• [Task prompt]
Repeat the lines of the data exactly and exclude any picture among them.

• [Material for this exercise]
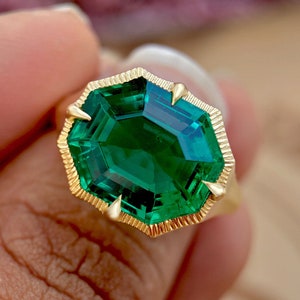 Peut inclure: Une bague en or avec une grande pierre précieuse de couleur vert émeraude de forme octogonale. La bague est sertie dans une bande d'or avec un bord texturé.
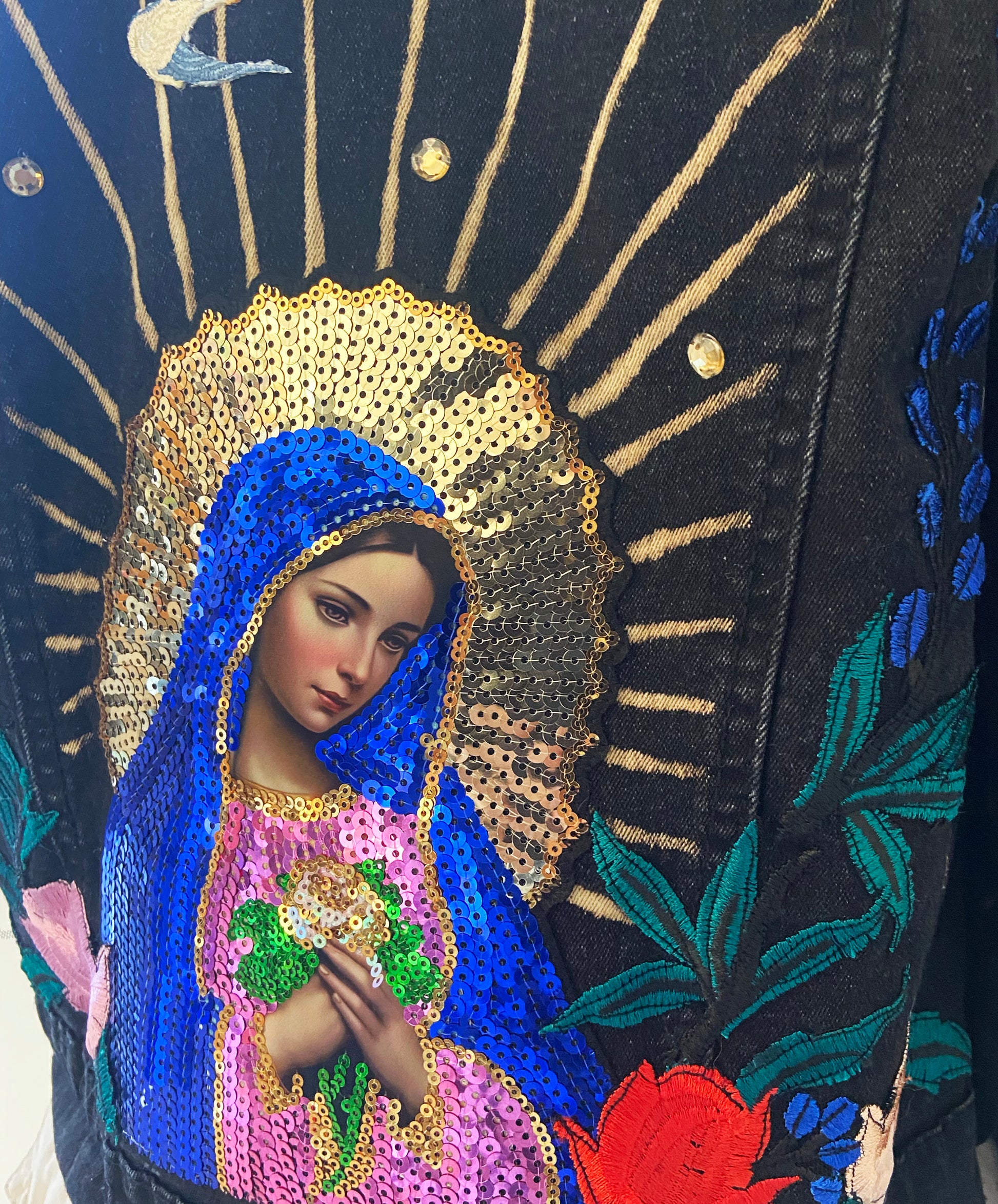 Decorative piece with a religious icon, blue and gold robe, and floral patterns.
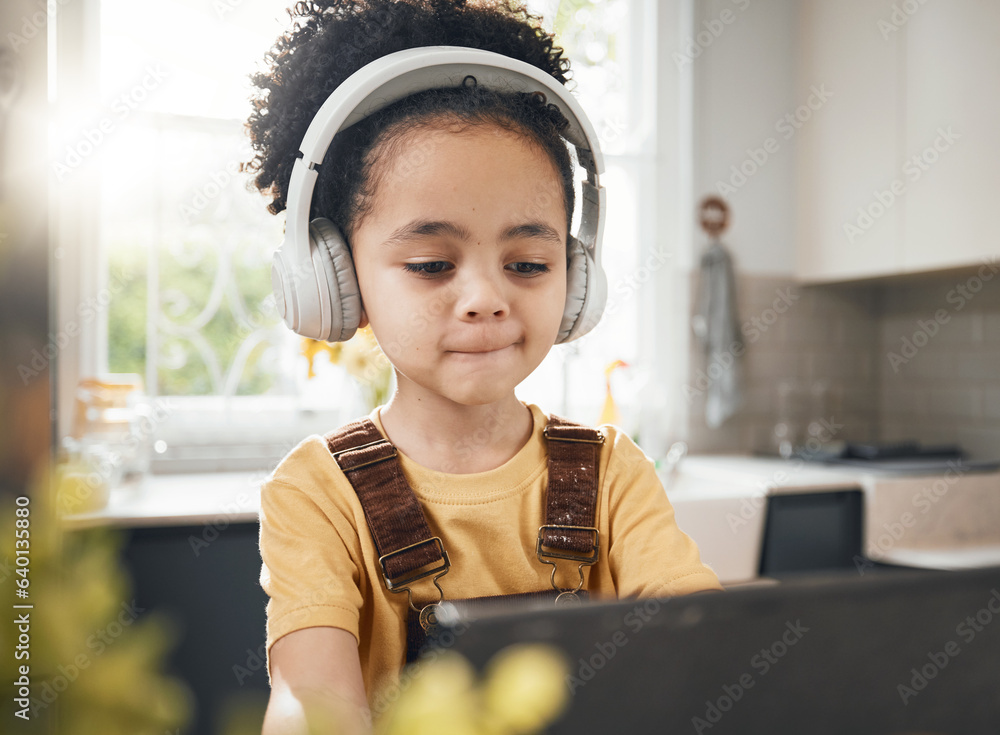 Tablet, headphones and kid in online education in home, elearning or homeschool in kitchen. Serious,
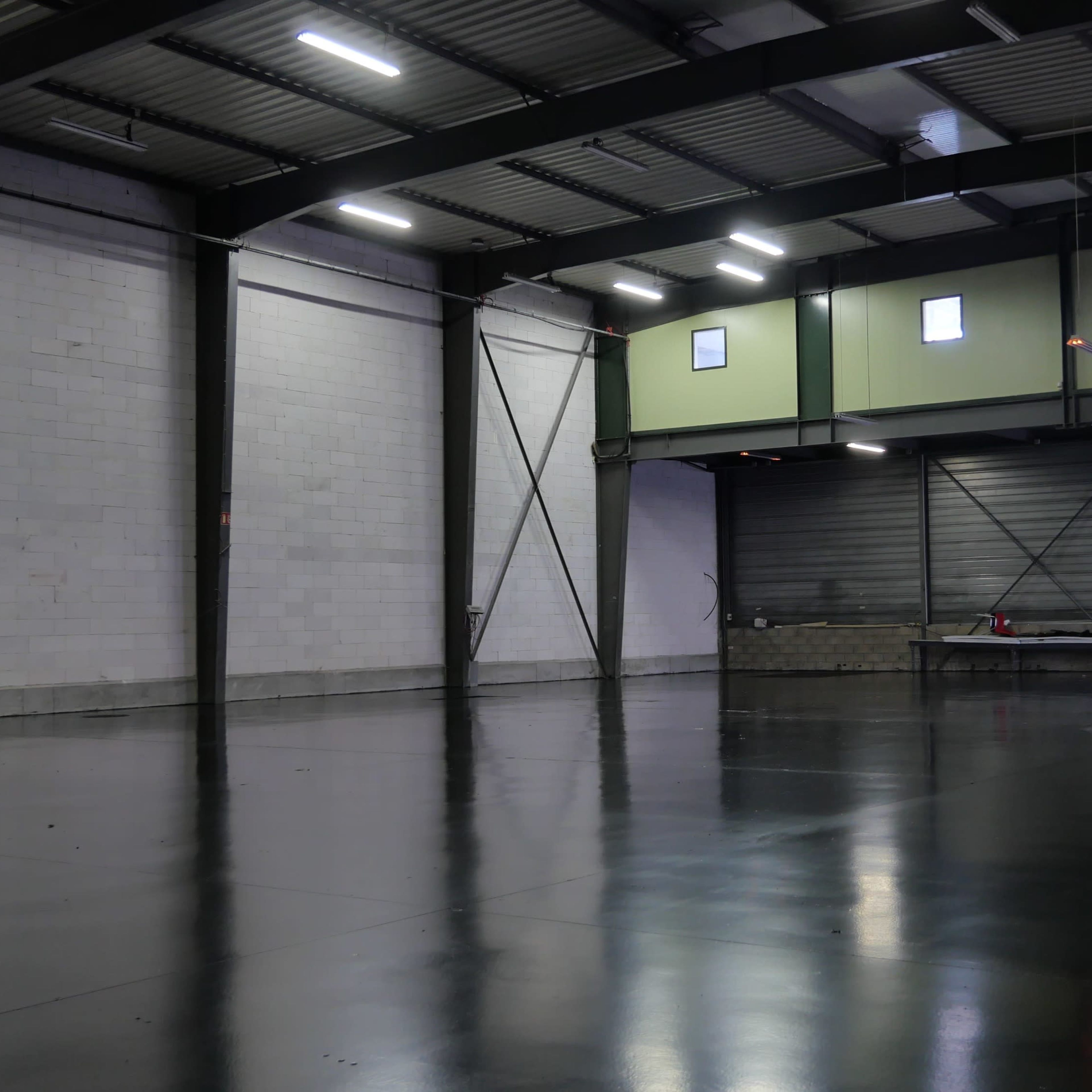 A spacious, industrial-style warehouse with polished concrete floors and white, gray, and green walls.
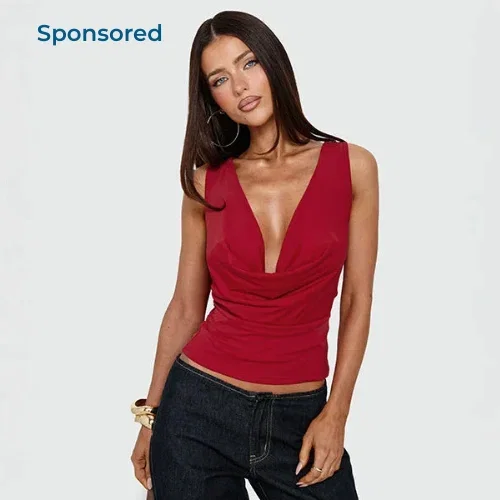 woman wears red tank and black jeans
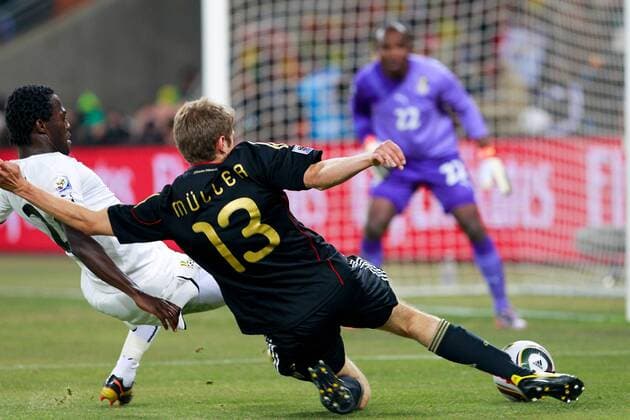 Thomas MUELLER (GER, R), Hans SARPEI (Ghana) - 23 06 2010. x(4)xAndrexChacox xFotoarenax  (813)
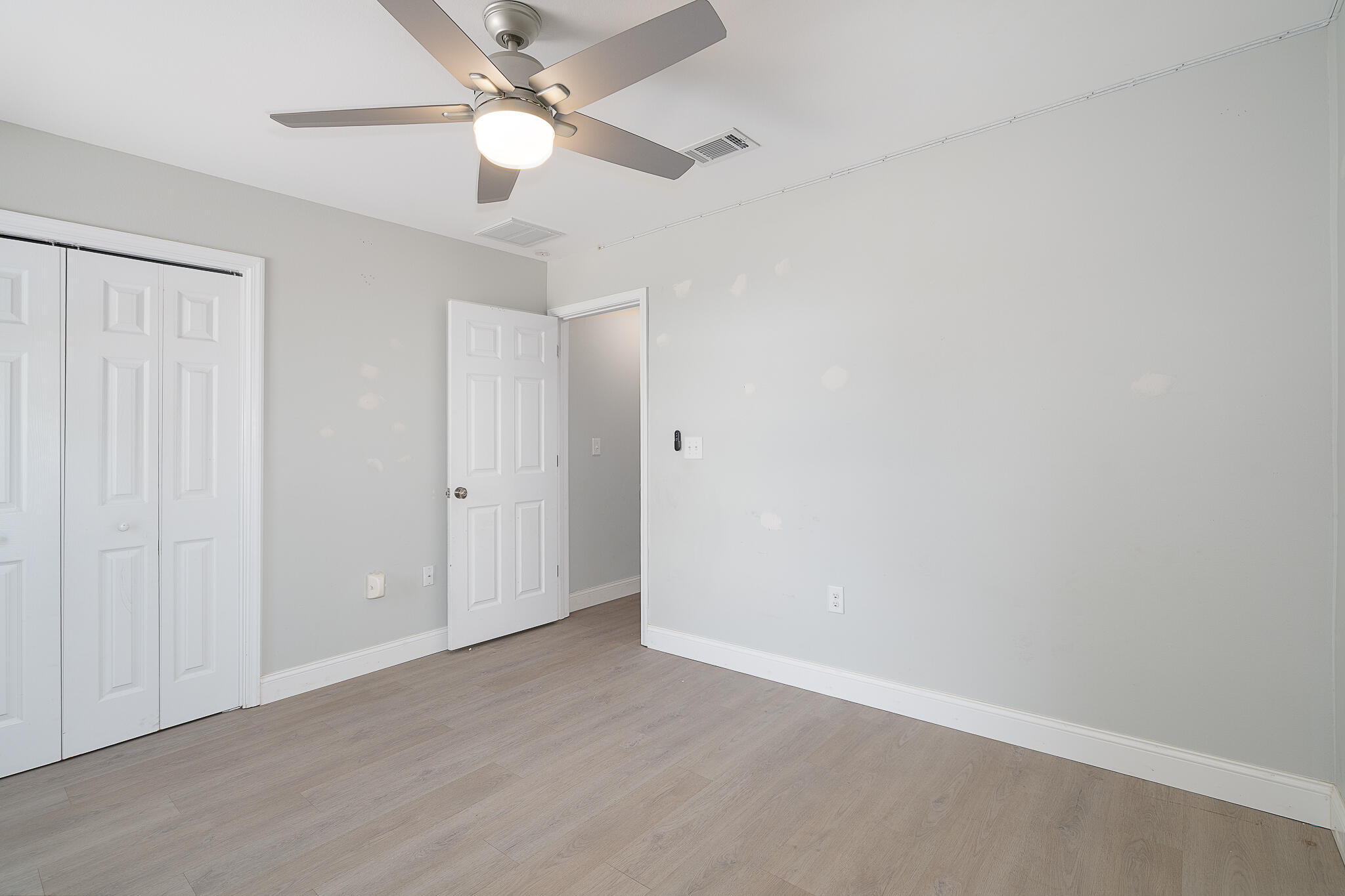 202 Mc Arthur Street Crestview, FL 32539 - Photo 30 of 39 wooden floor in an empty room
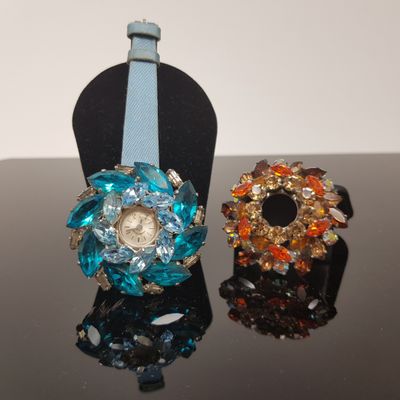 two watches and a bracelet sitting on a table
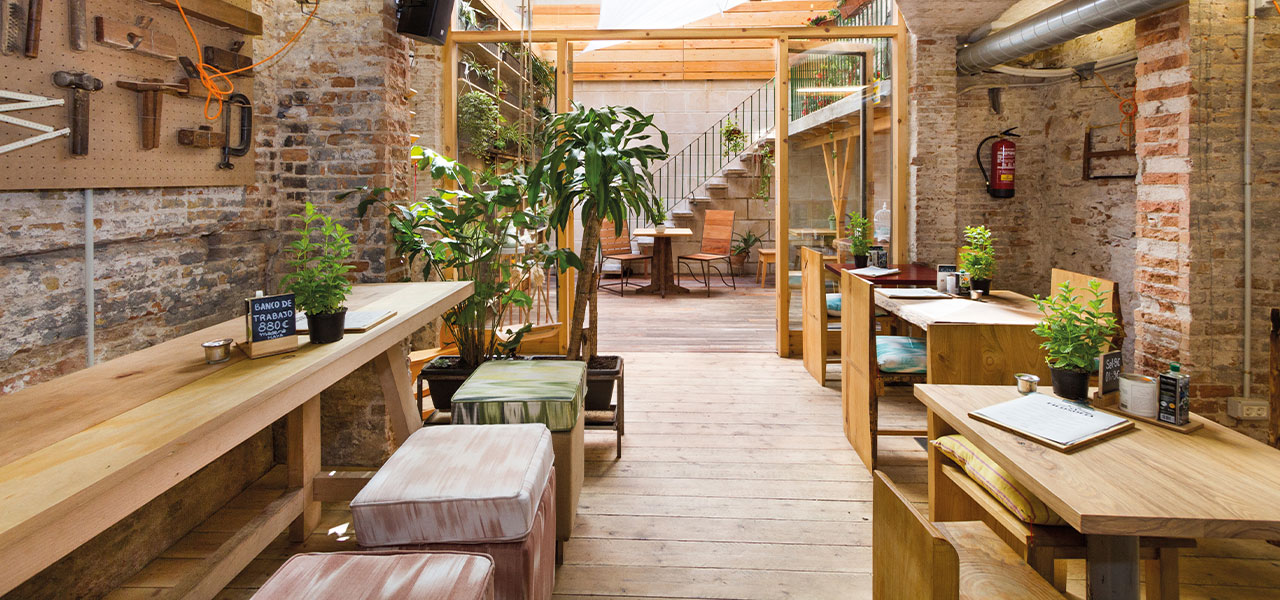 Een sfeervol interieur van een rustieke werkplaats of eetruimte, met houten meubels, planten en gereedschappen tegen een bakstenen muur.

• [Solution to the problem]
 Peut inclure: Une bague en or avec une grande pierre précieuse de couleur vert émeraude de forme octogonale. La bague est sertie dans une bande d'or avec un bord texturé.
 Decorative piece with a religious icon, blue and gold robe, and floral patterns.
 Tablet, headphones and kid in online education in home, elearning or homeschool in kitchen. Serious,
 A spacious, industrial-style warehouse with polished concrete floors and white, gray, and green walls.
 woman wears red tank and black jeans
 Thomas MUELLER (GER, R), Hans SARPEI (Ghana) - 23 06 2010. x(4)xAndrexChacox xFotoarenax  (813)
 202 Mc Arthur Street Crestview, FL 32539 - Photo 30 of 39 wooden floor in an empty room
 two watches and a bracelet sitting on a table
 Een sfeervol interieur van een rustieke werkplaats of eetruimte, met houten meubels, planten en gereedschappen tegen een bakstenen muur.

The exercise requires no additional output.